Person reidentification (PR-ID) is a very important branch of computer vision and has been widely used in many safety-critical applications, such as video surveillance and forensics. The basic task of PR-ID shown in Fig. 1 is to determine whether or not two images from nonoverlapping cameras show the same person of interest. However, in real-world applications, there are many significant challenges for PR-ID because an image pair of a person is usually captured by different cameras with significantly different backgrounds, levels of illumination, viewpoints, occlusions, and image resolutions. To overcome these issues, many PR-ID methods have been proposed in recent years and can be generally classified into two categories: feature representation1,2 and metric learning methods.3,4 For feature representation methods, Schwartz and Davis1 proposed a high-dimensional feature extraction algorithm. Baltieri et al.2 proposed a view-independent signature method by mapping the local descriptors extracted from RGB-D sensors on an articulated body model. The pose priors and subject-discriminative features were used to reduce the effects of viewpoint changes.5 Li et al.6 proposed a cross-view multilevel dictionary learning model to improve the representation power, which contains dictionary learning at different representation levels, including image level, horizontal part level, and patch level. For metric learning methods, Cheng et al.3 introduced a new and essential ranking graph Laplacian term, which can minimize the intrapedestrian compactness and maximize the interpedestrian dispersion. Li and Wang7 presented a method that learns different metrics from the images of a person obtained from different cameras. In addition, Jing et al.4 combined semicoupled low-rank discriminant dictionary learning to achieve super-resolution PR-ID, and Li et al.8 also proposed for low-resolution PR-ID, which jointly learns a pair of dictionaries and a mapping to bridge the gap across lower and higher resolution images to incorporate positive and negative pair information and using the projective dictionary to boost PR-ID efficiency.
With the development of deep-learning methods, deep representation learning has recently achieved great success due to its highly effective learning ability. Several deep PR-ID models achieve a great improvement in the accuracy, such as deep metric learning (DML) for practical PR-ID,9 a multitask deep network (MDN) for PR-ID,10 and a deep linear discriminant analysis of Fisher networks for PR-ID.11 However, existing deep-learning-based methods require learning a deep metric network by maximizing the distance among interclass samples and minimizing the distance among intraclass samples simultaneously. These methods do not effectively use the discriminant information among different samples. Therefore, triplet-based PR-ID models have been proposed to improve the efficiency of exploiting discriminant information through three samples, including a multiscale triplet CNN,12 distance metric learning with asymmetric impostors (LISTEN),13 and a body-structure-based triplet convolutional neural network.14
Although these triplet-based methods can improve the performance of PR-ID, they did not consider constraint from impostors' congeners samples (IC samples). As shown in Fig. 2, some new impostors may be produced when removing existing impostors by existing impostor-based methods. Therefore, how to alleviate effects of these samples is an important problem on PR-ID.

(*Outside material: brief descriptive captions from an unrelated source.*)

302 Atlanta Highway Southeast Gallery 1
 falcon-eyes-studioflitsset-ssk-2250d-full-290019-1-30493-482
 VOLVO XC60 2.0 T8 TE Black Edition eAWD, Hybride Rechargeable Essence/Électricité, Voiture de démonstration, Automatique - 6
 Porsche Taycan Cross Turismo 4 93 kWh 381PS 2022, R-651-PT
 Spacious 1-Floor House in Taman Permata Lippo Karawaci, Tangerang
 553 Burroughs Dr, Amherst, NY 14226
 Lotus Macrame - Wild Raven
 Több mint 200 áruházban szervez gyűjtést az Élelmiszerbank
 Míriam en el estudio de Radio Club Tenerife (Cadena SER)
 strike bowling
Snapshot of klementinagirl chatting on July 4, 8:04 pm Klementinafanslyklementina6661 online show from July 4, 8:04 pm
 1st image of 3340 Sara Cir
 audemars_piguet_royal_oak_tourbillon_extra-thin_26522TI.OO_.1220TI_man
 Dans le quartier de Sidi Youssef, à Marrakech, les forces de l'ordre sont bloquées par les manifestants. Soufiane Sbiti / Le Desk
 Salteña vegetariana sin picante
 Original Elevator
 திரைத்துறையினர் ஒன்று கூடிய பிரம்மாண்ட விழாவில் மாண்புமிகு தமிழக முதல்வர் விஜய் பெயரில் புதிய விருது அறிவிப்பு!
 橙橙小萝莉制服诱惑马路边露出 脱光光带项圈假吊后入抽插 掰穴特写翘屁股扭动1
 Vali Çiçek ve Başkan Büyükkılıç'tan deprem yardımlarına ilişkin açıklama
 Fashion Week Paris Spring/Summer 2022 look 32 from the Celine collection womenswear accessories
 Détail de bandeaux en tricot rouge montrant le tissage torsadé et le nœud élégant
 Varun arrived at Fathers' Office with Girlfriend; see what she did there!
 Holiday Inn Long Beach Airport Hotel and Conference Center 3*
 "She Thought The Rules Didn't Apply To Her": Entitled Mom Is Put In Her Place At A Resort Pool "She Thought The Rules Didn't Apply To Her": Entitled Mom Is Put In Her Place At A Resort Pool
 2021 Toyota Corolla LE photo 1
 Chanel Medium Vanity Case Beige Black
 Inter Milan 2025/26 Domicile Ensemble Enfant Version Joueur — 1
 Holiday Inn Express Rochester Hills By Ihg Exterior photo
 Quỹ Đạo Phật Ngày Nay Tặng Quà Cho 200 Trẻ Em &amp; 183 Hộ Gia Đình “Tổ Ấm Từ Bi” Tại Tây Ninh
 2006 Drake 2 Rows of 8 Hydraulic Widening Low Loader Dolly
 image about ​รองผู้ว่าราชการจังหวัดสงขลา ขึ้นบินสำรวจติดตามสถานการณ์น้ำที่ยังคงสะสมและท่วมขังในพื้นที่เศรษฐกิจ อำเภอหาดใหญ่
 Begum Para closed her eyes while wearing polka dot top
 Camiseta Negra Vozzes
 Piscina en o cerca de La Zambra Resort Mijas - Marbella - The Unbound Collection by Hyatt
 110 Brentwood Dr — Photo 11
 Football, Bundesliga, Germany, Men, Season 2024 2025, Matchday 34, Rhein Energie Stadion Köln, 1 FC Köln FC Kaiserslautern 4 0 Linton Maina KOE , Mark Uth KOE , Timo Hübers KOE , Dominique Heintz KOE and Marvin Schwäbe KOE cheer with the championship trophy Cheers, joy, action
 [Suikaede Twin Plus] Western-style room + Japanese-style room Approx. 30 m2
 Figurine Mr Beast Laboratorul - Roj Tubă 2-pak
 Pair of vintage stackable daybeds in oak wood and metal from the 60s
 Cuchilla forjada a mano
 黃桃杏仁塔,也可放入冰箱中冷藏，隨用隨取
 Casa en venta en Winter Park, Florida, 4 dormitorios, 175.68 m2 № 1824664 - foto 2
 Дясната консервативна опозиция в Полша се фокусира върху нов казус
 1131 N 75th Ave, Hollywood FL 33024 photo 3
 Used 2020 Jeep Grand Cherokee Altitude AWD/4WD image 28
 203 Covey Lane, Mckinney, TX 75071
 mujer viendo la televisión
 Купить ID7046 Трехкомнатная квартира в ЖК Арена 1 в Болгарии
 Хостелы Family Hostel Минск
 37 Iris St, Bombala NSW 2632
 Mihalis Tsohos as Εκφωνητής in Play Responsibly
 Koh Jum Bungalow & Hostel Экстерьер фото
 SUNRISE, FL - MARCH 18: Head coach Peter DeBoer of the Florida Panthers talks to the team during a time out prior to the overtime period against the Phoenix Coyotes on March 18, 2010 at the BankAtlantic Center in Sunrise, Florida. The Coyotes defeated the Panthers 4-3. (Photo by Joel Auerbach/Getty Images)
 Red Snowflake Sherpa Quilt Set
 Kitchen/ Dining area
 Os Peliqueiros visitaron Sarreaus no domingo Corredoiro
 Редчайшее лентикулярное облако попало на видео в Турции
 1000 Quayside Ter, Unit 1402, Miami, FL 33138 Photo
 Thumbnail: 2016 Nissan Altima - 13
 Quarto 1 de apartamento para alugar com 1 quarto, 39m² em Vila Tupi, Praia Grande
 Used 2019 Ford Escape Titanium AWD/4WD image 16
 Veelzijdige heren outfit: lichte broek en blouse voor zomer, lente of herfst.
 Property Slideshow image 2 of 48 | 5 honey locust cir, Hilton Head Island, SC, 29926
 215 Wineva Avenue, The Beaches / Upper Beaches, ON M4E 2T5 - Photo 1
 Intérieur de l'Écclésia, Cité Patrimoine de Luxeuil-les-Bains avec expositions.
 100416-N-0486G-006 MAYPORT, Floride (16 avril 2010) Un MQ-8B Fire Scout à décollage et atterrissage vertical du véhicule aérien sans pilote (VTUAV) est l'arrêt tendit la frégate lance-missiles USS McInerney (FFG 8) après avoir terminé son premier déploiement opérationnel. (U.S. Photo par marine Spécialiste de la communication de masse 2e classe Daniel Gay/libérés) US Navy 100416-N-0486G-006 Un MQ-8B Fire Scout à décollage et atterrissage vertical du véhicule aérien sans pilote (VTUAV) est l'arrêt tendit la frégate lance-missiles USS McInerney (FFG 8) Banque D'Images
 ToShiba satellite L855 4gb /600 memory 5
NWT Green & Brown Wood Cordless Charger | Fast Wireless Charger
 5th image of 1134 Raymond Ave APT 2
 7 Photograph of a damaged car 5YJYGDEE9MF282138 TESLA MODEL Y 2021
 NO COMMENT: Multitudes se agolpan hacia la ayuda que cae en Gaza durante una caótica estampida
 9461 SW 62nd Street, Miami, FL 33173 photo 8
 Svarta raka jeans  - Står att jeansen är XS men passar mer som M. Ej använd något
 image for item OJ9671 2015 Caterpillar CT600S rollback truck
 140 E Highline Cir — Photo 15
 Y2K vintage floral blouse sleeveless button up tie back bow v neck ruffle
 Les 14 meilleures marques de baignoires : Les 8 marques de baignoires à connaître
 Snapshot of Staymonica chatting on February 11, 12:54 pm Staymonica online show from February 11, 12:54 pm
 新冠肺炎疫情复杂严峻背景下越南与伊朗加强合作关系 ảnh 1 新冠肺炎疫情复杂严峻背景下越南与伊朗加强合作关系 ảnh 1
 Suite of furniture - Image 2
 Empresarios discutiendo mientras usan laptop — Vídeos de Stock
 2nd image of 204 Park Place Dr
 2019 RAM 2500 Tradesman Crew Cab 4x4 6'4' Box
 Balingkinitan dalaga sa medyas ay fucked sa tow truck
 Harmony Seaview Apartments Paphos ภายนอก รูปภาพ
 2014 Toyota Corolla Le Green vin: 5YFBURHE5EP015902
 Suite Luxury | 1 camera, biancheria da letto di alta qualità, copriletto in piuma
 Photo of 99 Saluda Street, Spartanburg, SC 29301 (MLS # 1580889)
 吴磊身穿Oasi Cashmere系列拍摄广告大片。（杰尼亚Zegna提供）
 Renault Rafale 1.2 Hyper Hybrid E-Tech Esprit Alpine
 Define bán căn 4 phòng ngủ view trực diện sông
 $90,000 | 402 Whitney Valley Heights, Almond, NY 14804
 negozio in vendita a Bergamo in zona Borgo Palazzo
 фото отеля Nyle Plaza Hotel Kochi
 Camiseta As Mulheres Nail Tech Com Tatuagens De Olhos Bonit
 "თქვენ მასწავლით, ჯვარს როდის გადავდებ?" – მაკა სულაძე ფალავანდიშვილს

Research in Refs. 1213.–14 has demonstrated that triplet-based methods can develop more discriminant information than that in pairwise-based methods. However, existing triplet-based methods cannot solve difficulties caused by IC samples, such as they are transformed to new impostors, or they would be dispersed after projection. They cannot fully use the different discriminant information contained in IC samples. To address this problem, two aspects are needed to be considered in triplet-based methods. (i) Existing triplet-based methods1213.–14 exploit information in impostors alone without IC samples. (ii) Impostor and its congeners maybe dispersed after projections, which must reduce the matching accuracy for PR-ID. (iii) Most deep PR-ID models are limited to handcrafted features in images by DML instead of the convolution of original images.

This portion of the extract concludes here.